▸ THE PROBLEM
If a line below falls between the line with "2022 Chrysler Pacifica image 7" and the line with "N678DL, 1998 Boeing", or is one of those two, output it exactly; output nothing else and no pictures.

▸ RECORDS TO USE
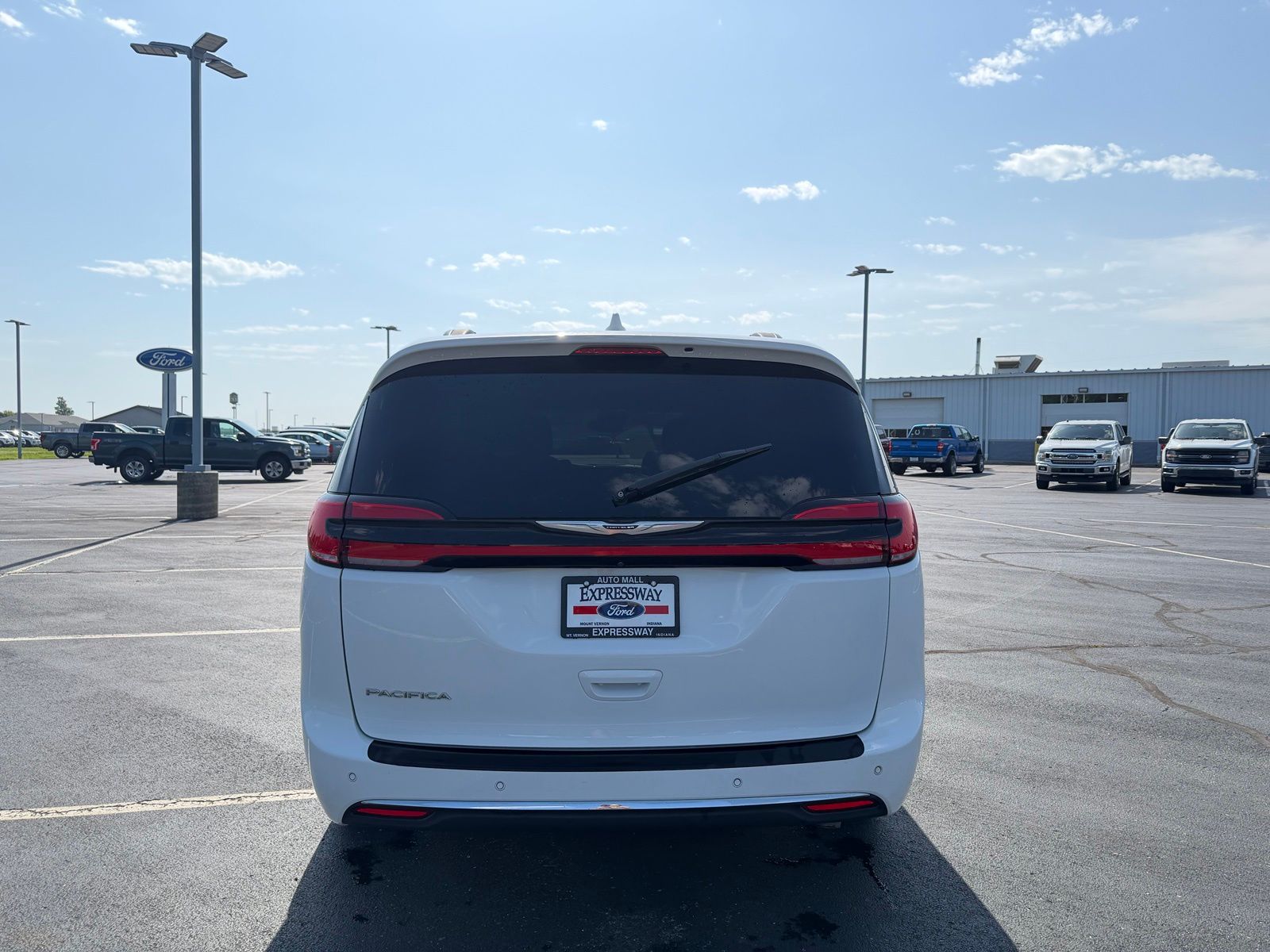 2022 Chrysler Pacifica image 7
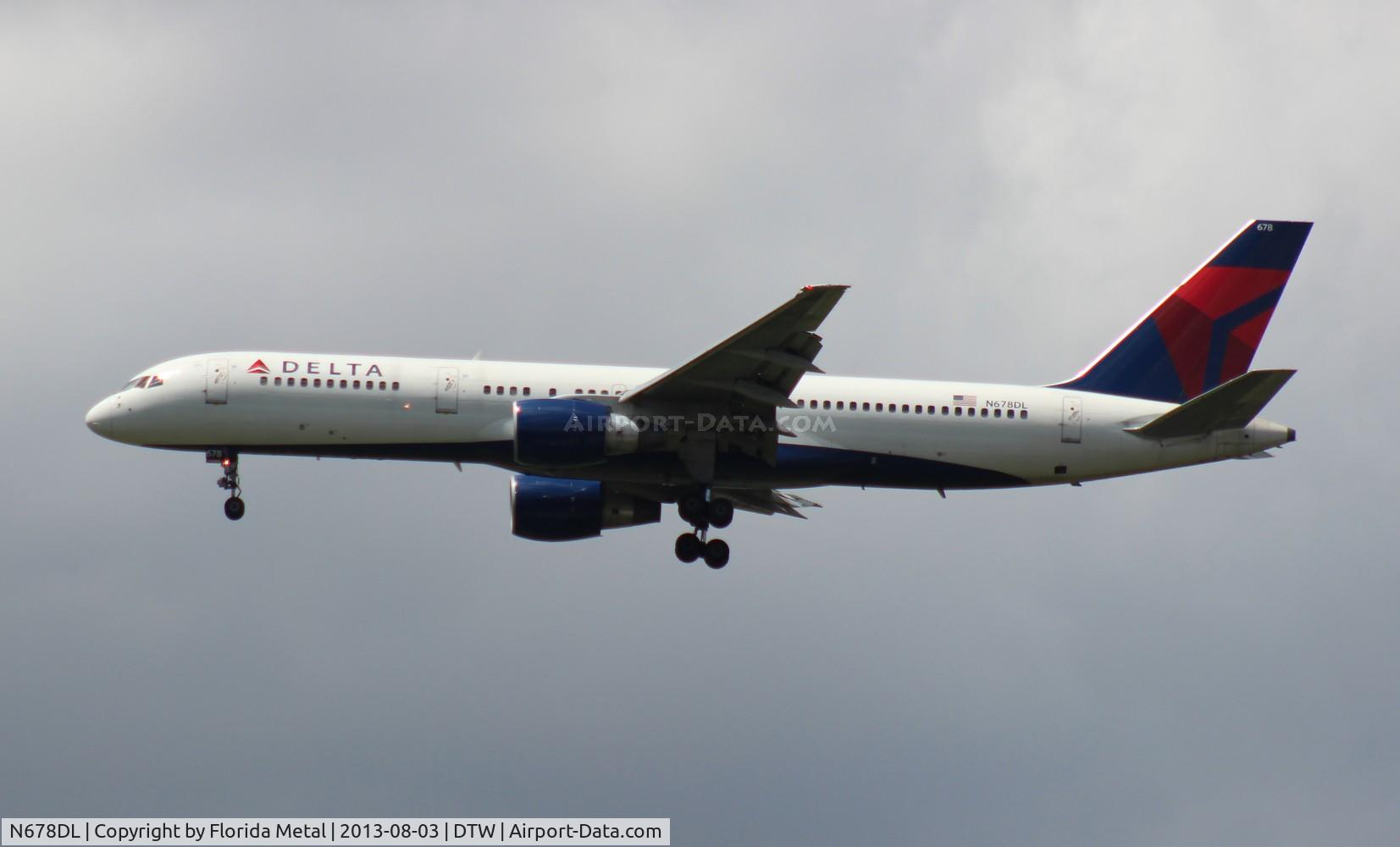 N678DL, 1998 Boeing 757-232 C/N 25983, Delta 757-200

---

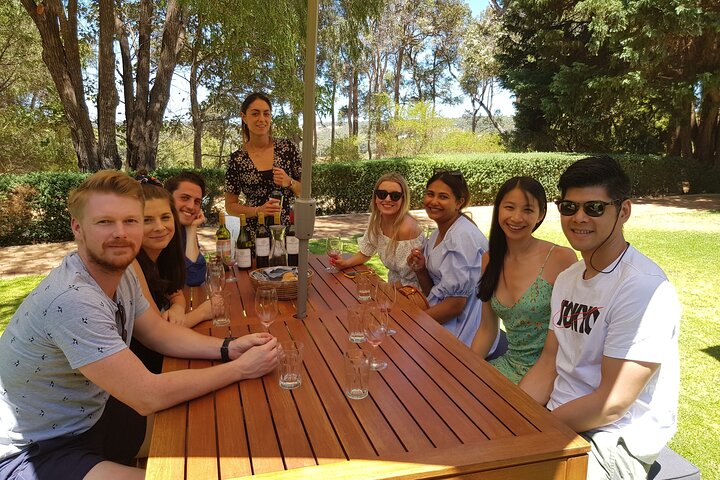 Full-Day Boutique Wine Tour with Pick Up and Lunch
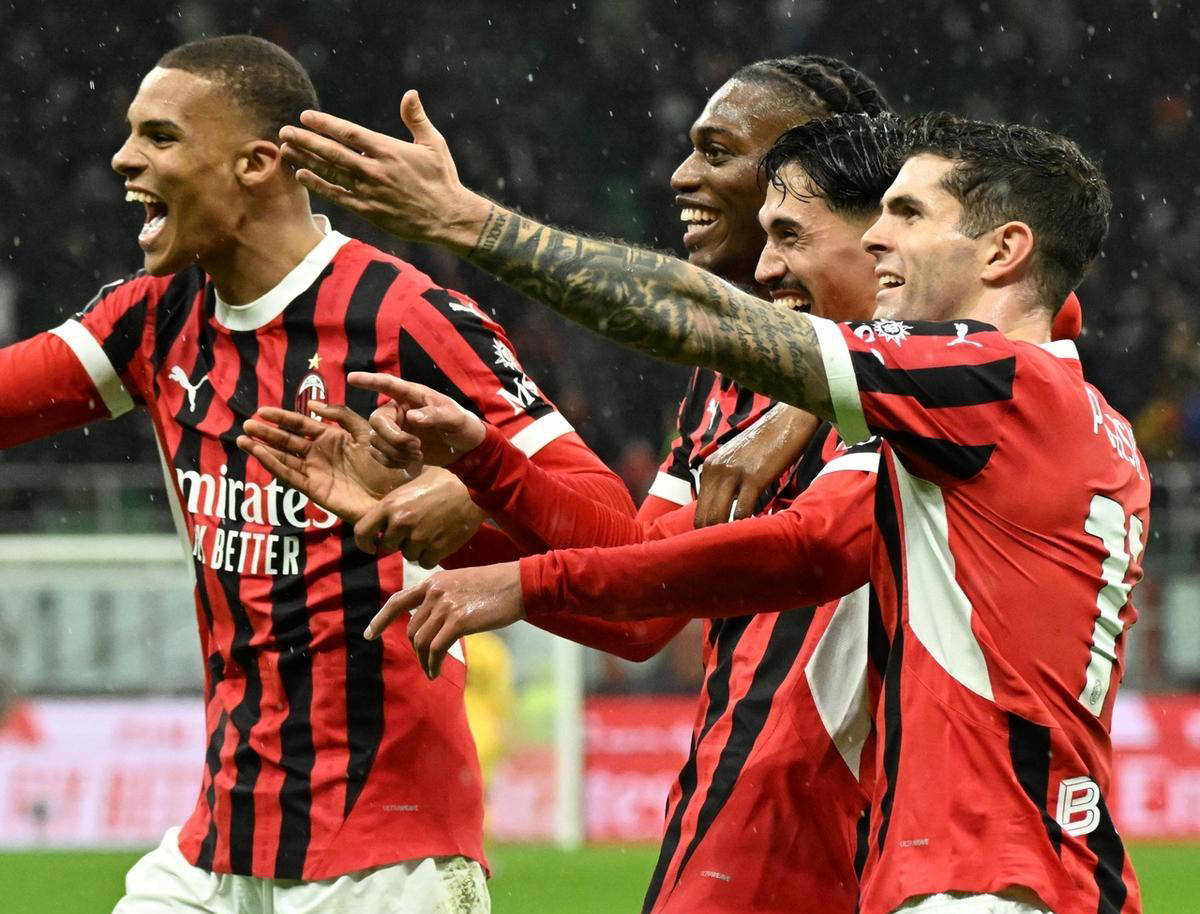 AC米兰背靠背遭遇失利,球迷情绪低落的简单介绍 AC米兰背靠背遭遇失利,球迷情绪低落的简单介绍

* * *

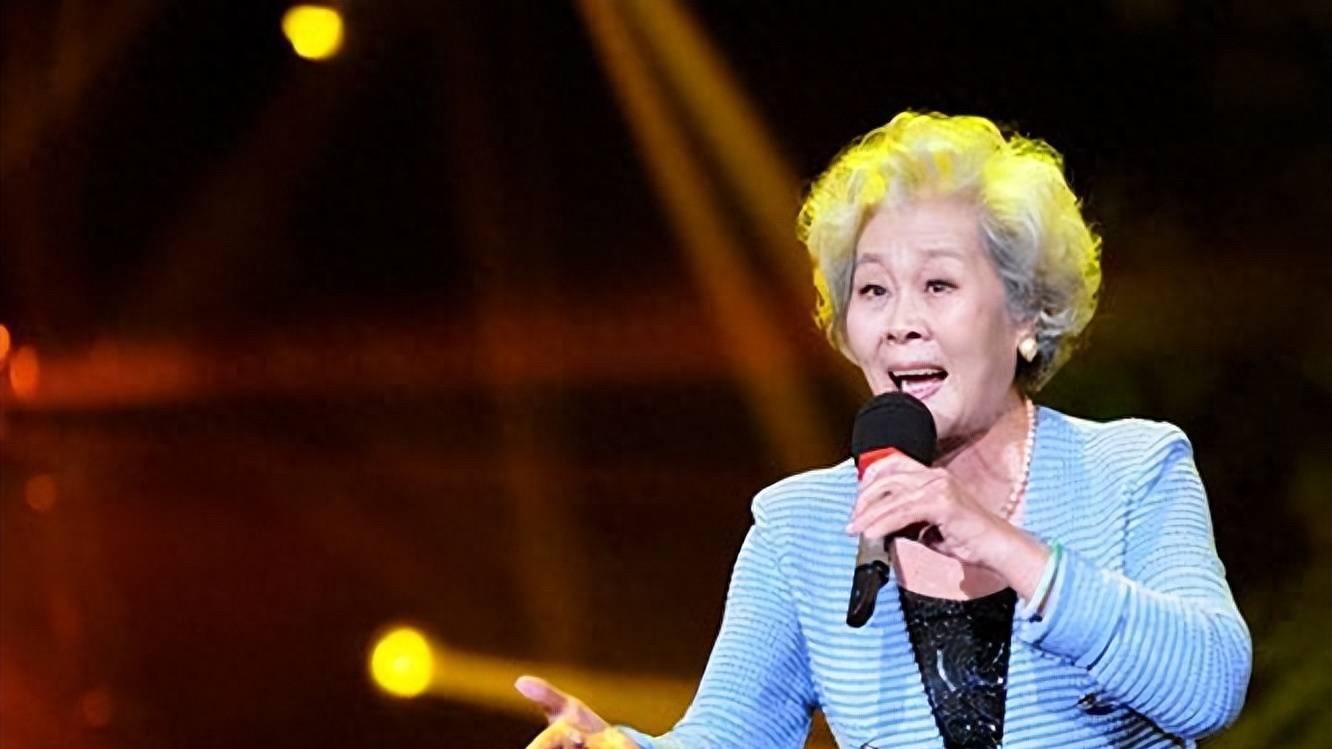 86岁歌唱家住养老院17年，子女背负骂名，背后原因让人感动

▸ REPLY
 2022 Chrysler Pacifica image 7
 N678DL, 1998 Boeing 757-232 C/N 25983, Delta 757-200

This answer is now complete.